Do you need to involve a liquidation committee before pursuing a claim?
In Allen and another, Re Longmeade Ltd (in liquidation) [2016] EWHC 356 (Ch), it was considered whether a liquidator was required to involve the court or a liquidation committee before taking actions to pursue a claim, pursuant to the recent abolition of this requirement by the SBEE.
Facts
Longmeade went into compulsory liquidation in November 2010 and the Official Receiver (OR) was appointed as liquidator.
In October 2008, one of Longmeade's principal debtors (a US corporation) entered into bankruptcy proceedings. This US corporation entered into a plan in 2011, whereby Longmeade was admitted as a creditor, and it was intended that a distribution would be made to Longmeade as part of this plan.
BIS appointed a representative to assist the OR, who requested certain tax forms to enable a distribution to be made by the US corporation to Longmeade. These forms were never submitted by the Official Receiver and, as a result, Longmeade lost its entitlement to this distribution under the plan.
Subsequently, independent liquidators were appointed to replace the OR, who noticed the forms had not been submitted and took steps to rectify the problem. This enabled Longmeade to receive subsequent distributions in 2013.

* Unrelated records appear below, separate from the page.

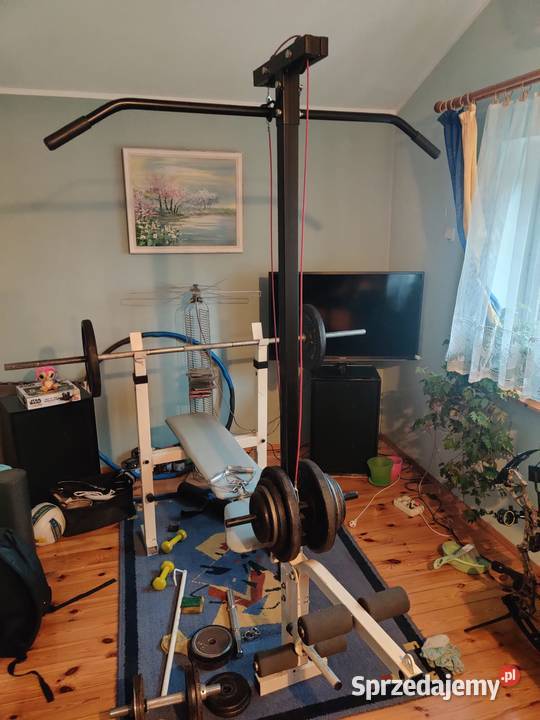 Ławka ławeczka z wyciągiem sztanga z Konstancin-Jeziorna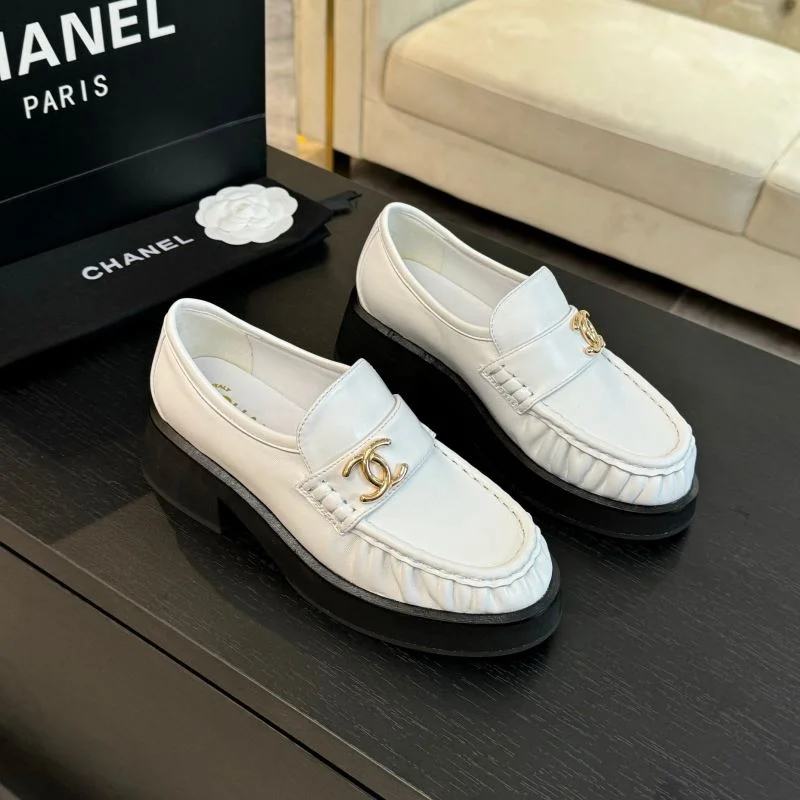 Chanel Business Shoes Minimalist 18372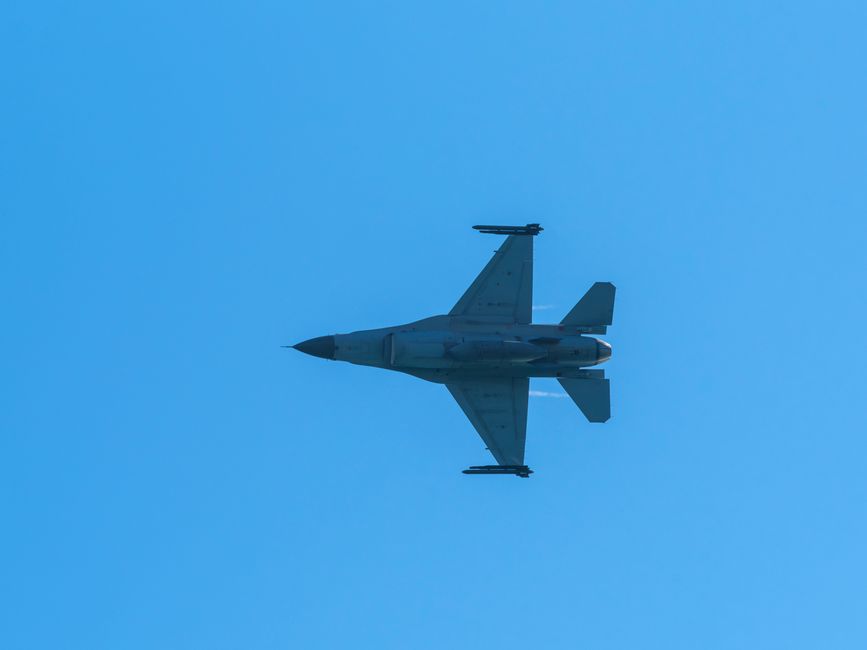 Zboruri supersonice în România: exerciții militare până pe 5 octombrie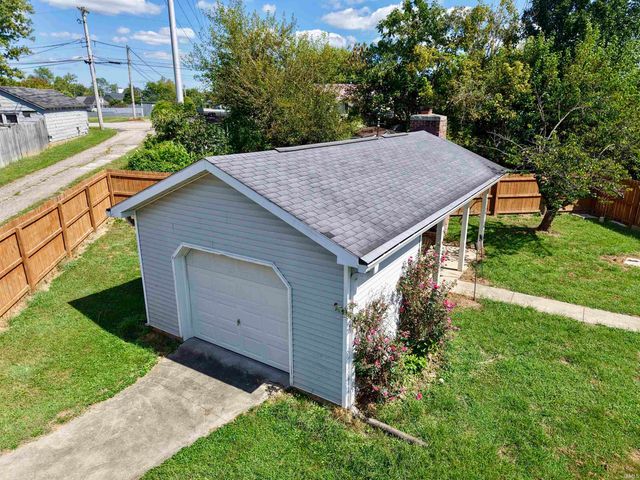 123 8th Street, Oolitic, IN 47421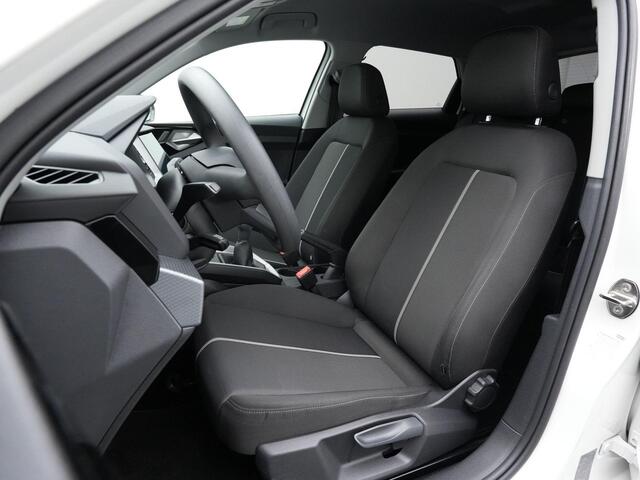 Audi A1 Sportback 25 TFSI 95 pk Attraction | Carplay | Virtual Cockpit | Audi pre sense | Lane Assist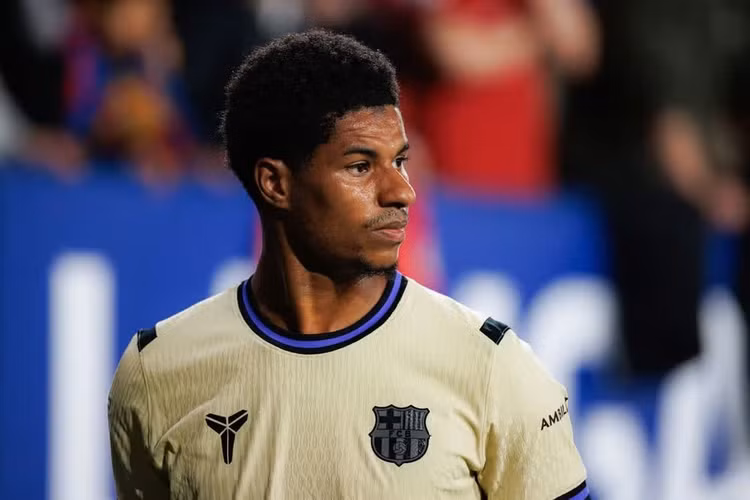Marcus Rashford vẫn rất muốn ở lại Barcelona. ẢNH: SOPA Images/LightRocket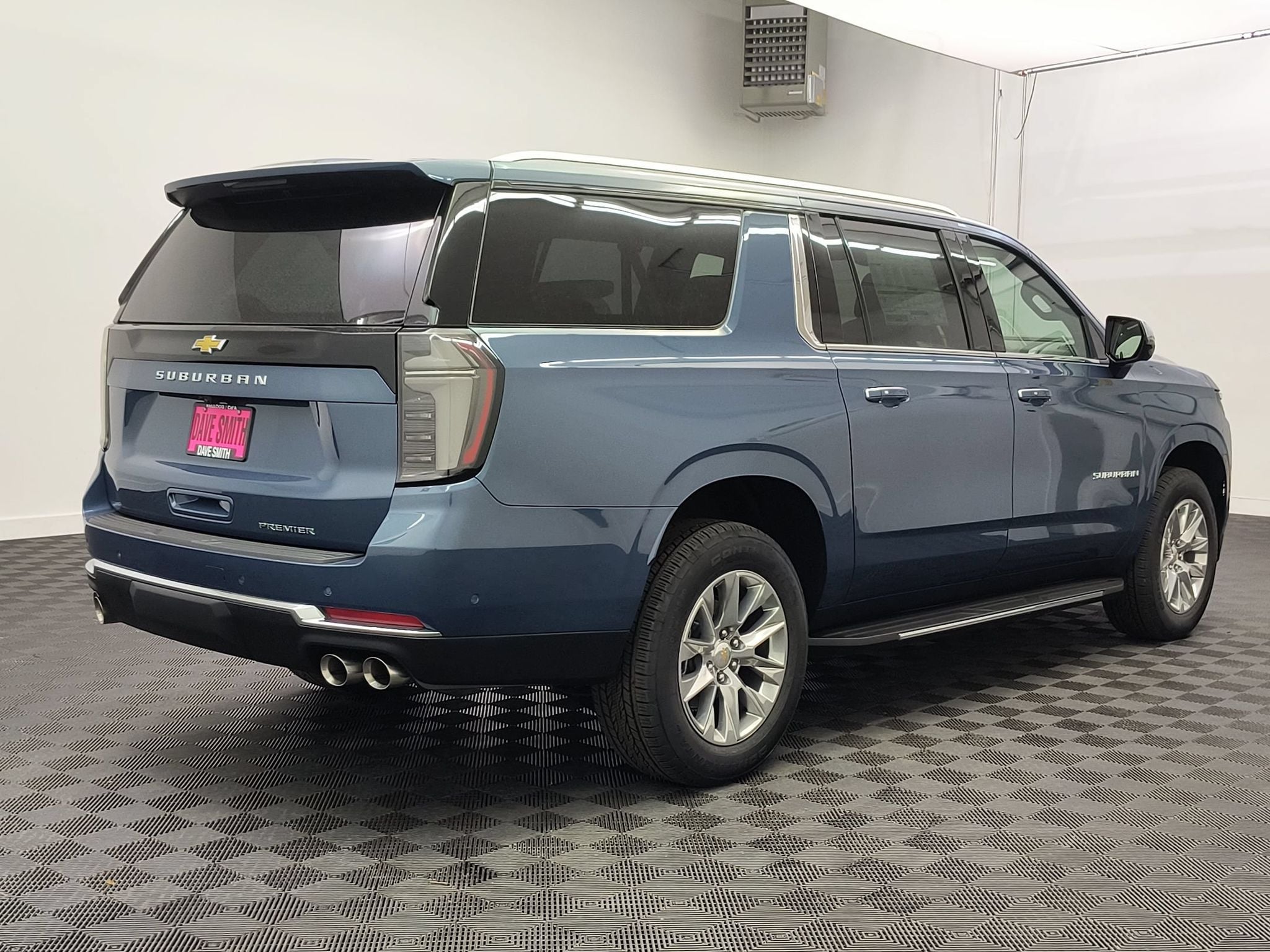 2026 Chevrolet Suburban Premier - Photo 9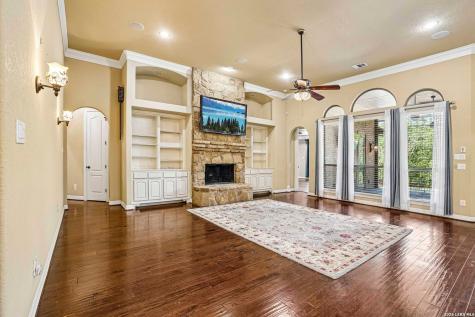 21411 Liguria Drive Garden Ridge TX 78266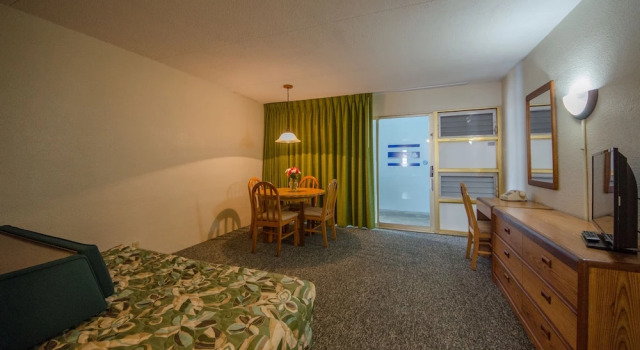 Люкс Attache Motel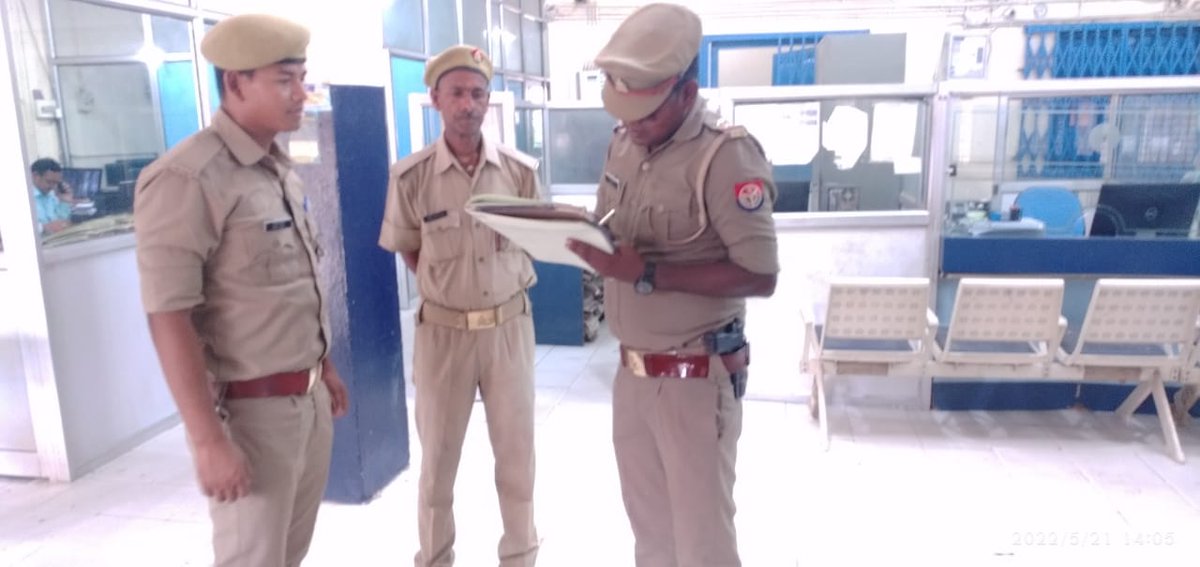 #BastiPolice थाना छावनी चौकी विक्रमजोत प्रभारी श्री  योगेंद्र कुमार सिंह मय पुलिस फोर्स द्वारा चौकी विक्रमजोत  क्षेत्र अंतर्गत बैंकों में लगे सीसीटीवी,सायरन व आस-पास संदिग्ध व्यक्तियों/वाहनों को चेक किया गया 
<a href="/Uppolice/">UP POLICE</a>
<a href="/AdgGkr/">ADG ZONE Gorakhpur</a>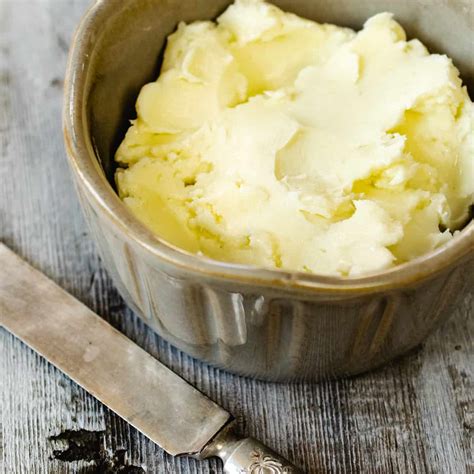 How to Make Homemade Butter With Heavy Whipping Cream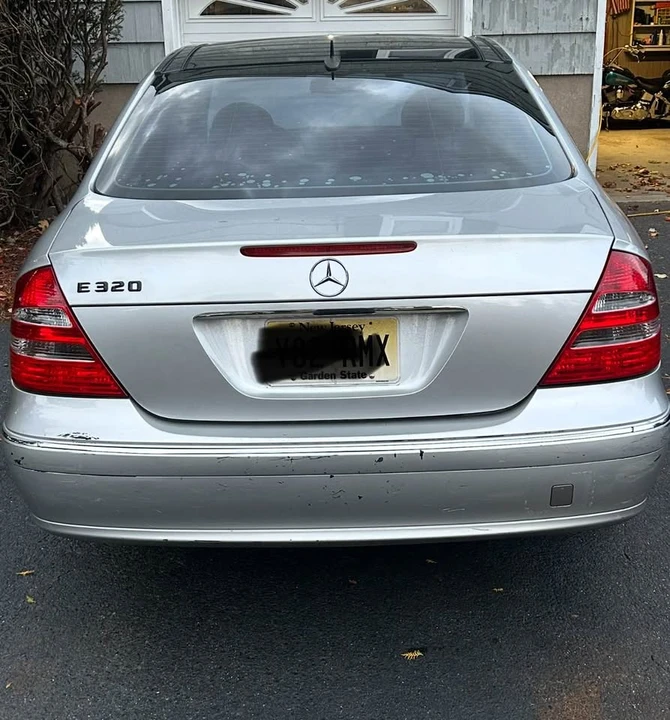 2003 Mercedes-Benz W210 E-Class - Image 2 of 2
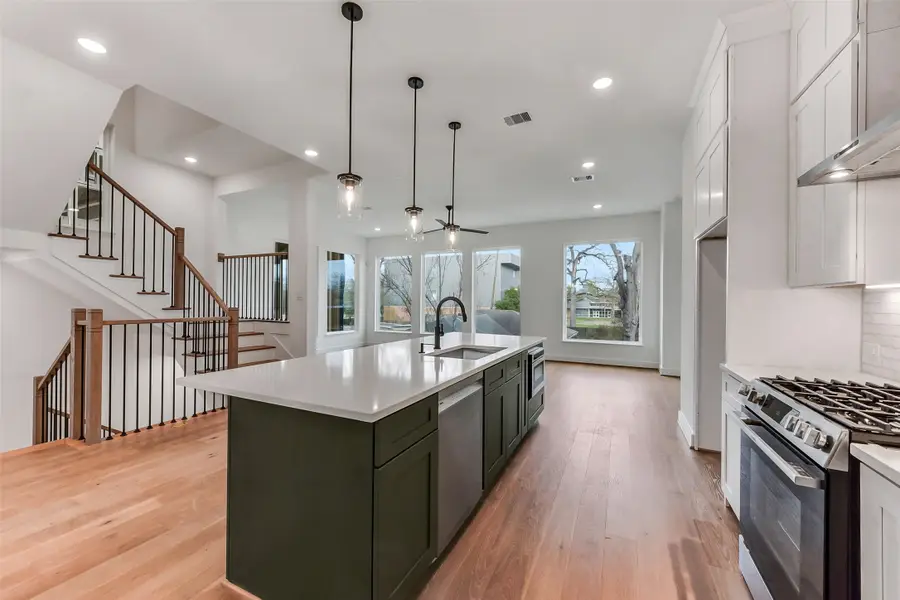 806 Fisher Street #F, Houston, TX 77018 - #3
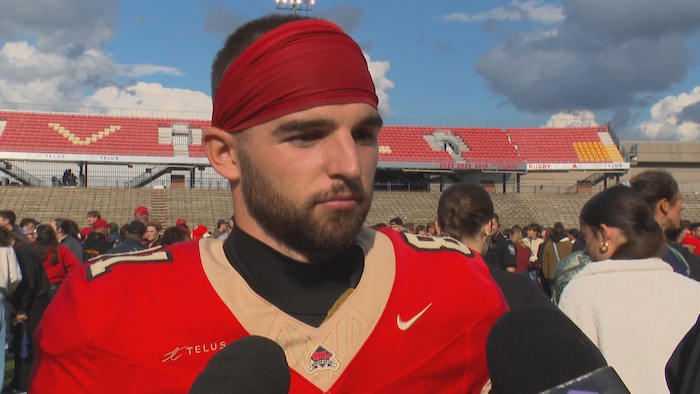 Non sans difficulté, le Rouge et Or vient à bout du Vert et Or | Radio ...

The liquidators investigated whether a claim would be available to them in respect of the losses to Longmeade as a result of the failure to file the required tax forms. They were advised there was a good claim against BIS. However, the vast majority of Longmeade's creditors (being associates of Longmeade and HMRC) were opposed to issuing proceedings against a government body. The liquidators applied to court for directions as to whether they should convene a meeting of creditors pursuant to section 168(2) Insolvency Act 1986 and whether they should issue proceedings against BIS.
Held
It was confirmed that the overriding requirement of a liquidator was to exercise his professional judgement in the best interests of the insolvent company (and those with an interest in it). Court will not generally interfere with the commercial decisions of a liquidator. A liquidator is under no obligation to consult with creditors but should normally give weight to the (reasoned) views of the majority, provided that they were not influenced by other factors. If the creditors are unanimous, the liquidator should ordinarily give effect to their wishes.
Comment
This case provides a clear and concise reminder of the principles to be adopted by liquidators in exercising their decision making powers where no sanction is required.